Would you repeat each line below exactly, without the pictures?

PROVIDED DATA
Segment Open

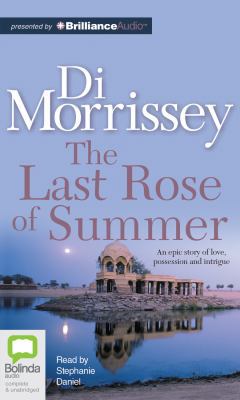 The Last Rose of Summer 148621648X Book Cover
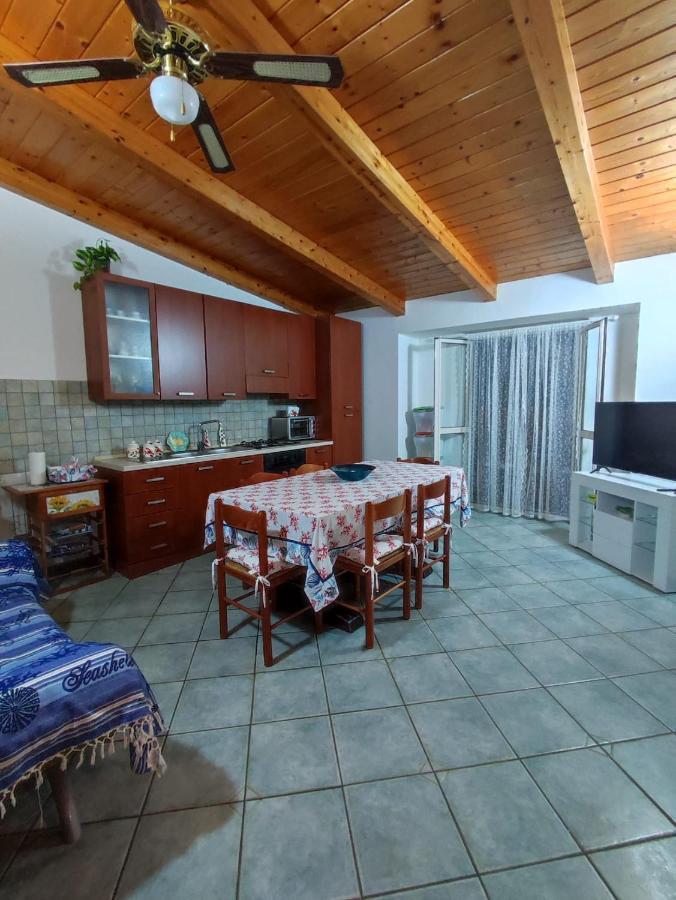 Playa Bonita Relax House Διαμέρισμα Scilla Εξωτερικό φωτογραφία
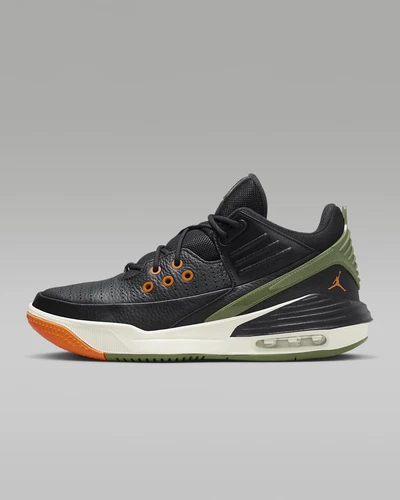 Nike Jordan Max Aura 5 Sneaker Basketball Herren DZ4353-003 NEU OVP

Segment Closed

EXERCISE OUTPUT
 The Last Rose of Summer 148621648X Book Cover
 Playa Bonita Relax House Διαμέρισμα Scilla Εξωτερικό φωτογραφία
 Nike Jordan Max Aura 5 Sneaker Basketball Herren DZ4353-003 NEU OVP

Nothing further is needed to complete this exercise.